== Exercise requirements ==
Can you find the lines of the listing that include "Hotel" and copy every one?

== Supplied entries ==
((
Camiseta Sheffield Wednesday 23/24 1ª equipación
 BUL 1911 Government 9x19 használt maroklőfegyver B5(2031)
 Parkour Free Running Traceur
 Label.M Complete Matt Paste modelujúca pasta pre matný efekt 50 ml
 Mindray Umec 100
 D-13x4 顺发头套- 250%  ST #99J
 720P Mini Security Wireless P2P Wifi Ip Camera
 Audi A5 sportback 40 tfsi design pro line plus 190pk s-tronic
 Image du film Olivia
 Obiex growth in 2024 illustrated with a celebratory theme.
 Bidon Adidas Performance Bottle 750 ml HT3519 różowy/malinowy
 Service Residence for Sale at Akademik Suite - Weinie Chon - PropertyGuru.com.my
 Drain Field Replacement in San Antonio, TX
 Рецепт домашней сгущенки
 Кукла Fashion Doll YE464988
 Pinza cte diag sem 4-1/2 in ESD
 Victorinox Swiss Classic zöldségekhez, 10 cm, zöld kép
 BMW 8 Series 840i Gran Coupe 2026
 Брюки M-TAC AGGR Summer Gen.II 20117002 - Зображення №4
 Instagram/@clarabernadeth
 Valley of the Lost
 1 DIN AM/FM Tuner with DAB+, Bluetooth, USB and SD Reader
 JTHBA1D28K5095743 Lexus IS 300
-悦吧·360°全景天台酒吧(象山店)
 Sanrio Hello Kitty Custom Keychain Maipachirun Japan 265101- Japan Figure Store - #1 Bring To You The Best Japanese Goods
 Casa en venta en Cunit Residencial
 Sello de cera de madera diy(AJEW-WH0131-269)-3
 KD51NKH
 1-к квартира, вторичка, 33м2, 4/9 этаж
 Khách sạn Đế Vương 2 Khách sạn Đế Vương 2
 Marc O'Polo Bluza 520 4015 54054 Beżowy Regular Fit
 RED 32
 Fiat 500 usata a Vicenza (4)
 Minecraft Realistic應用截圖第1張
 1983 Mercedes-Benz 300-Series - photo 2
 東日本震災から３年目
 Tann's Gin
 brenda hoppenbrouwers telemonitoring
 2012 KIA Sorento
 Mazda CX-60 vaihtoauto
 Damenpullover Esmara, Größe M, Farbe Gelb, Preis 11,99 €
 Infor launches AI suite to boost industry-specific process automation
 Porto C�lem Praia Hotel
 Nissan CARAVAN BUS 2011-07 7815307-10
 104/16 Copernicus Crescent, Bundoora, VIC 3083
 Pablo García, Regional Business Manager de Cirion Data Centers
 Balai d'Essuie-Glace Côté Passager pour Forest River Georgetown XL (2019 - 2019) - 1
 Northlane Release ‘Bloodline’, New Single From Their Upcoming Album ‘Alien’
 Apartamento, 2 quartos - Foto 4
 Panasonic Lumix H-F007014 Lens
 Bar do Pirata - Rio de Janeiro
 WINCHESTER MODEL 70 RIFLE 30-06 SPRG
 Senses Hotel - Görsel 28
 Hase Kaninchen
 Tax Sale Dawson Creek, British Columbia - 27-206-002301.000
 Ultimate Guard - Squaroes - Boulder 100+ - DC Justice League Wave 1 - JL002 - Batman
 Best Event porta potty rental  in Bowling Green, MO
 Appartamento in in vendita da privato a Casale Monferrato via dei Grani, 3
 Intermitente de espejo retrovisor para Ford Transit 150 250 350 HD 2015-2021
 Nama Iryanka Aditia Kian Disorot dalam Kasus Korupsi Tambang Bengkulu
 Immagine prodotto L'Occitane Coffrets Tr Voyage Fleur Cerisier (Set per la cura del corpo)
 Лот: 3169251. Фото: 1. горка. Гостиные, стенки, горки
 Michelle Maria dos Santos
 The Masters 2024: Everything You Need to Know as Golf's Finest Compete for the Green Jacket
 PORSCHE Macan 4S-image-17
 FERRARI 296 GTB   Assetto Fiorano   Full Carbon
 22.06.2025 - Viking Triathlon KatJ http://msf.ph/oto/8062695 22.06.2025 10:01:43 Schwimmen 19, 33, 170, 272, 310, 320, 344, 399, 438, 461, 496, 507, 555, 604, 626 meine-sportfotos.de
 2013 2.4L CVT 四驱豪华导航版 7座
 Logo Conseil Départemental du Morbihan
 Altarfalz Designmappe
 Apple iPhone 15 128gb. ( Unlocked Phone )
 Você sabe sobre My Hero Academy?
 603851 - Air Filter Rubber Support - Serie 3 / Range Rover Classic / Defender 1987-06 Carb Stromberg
))
== Written solution ==
 Porto C�lem Praia Hotel
 Senses Hotel - Görsel 28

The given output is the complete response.